その言葉どおり。18日、若手演奏家らによる「ふれあいコンサート」の最後の演目にサプライズで登場。体力面を考慮し、今回のOMFでは指揮しない予定だっただけに、会場は歓声に包まれました。イスに腰掛けながら、ベートーベンの「弦楽四重奏曲第16番」を指揮しました。小澤さんはこの曲に、特別な思いがありました。
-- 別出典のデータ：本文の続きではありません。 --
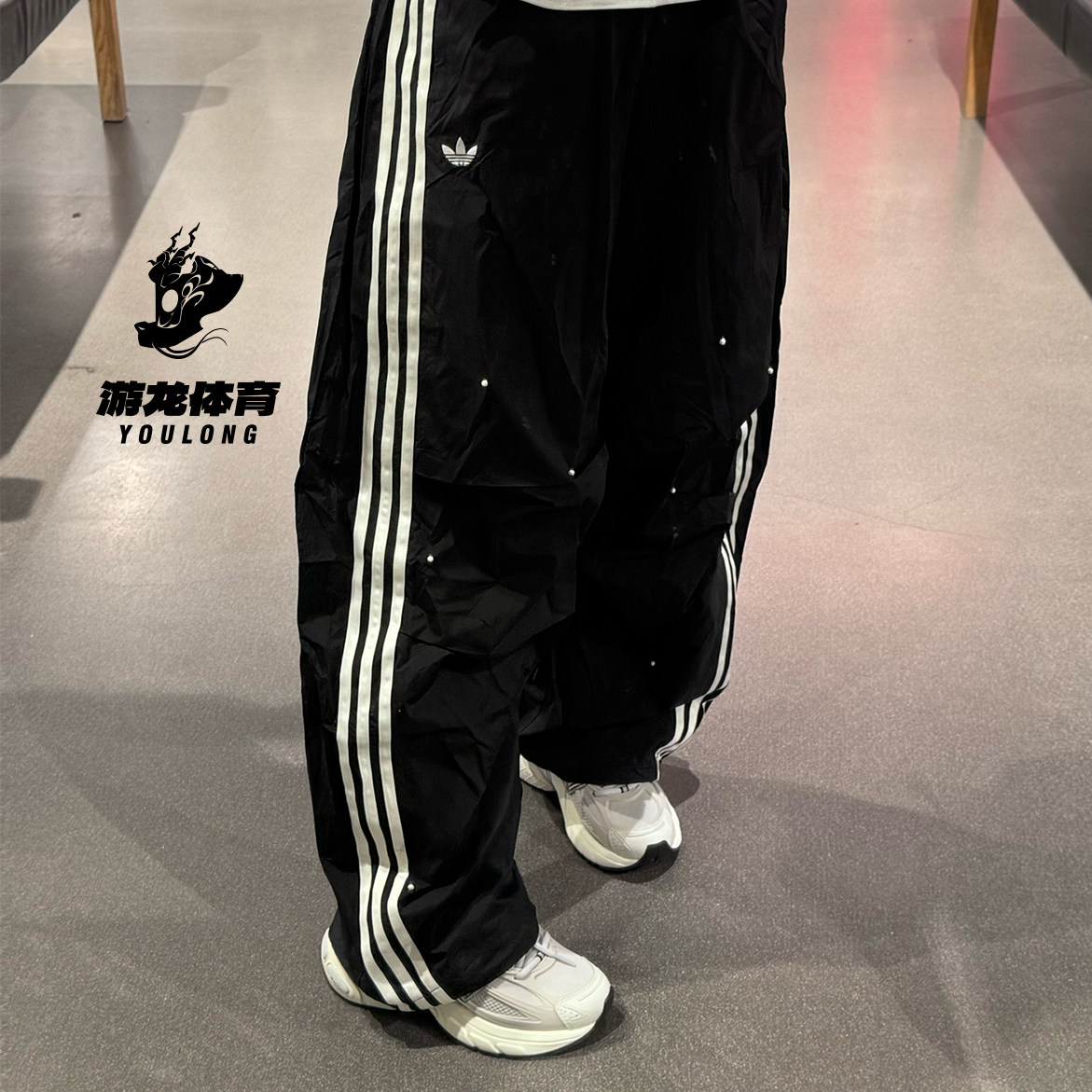 阿迪达斯adidas三叶草26年春季女宽松阔腿运动休闲梭织长裤KS2865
(OMF・小澤征爾総監督)「ベートーベンが生涯最後に書いた曲。そういう意味で意味があるのと。僕にとってみれば音楽の全てがそこに入っている。全てが」

小澤さんがOMFで指揮するのは2017年9月以来2年ぶりです。実は17日の会見終了後、コンサートに出演する若手演奏家らの指導にもあたっていました。指揮したのはおよそ10分間。およそ600人の聴衆を魅了しました。演奏後は立ち上がり、聴衆の拍手に応えました。

(観客)「良かったです。最後のところ感激して拍手」

(観客)「東京からきて本当に良かった。まさか出るとは思わず、立ち上がって拍手をしてしまった」

19日は出演者らをもてなす恒例の「そばパーティー」が開かれました。そば好きで知られる小澤さんなだけに、姿を見せるか期待されましたが、残念ながら姿はありませんでした。体調を整えるため、一旦帰京したということです。しかし2年ぶりの松本入りに関係者は喜んでいました。

(OMFそば友会・大瀬渡代表)「松本にいるという(小澤さんの)存在が、OMF全体が盛り上がるので、われわれとしても、非常に楽しみにして、うれしい」

小澤さんの登場で盛り上がりをみせるOMF。来月7日までに8プログラム10公演が予定されています。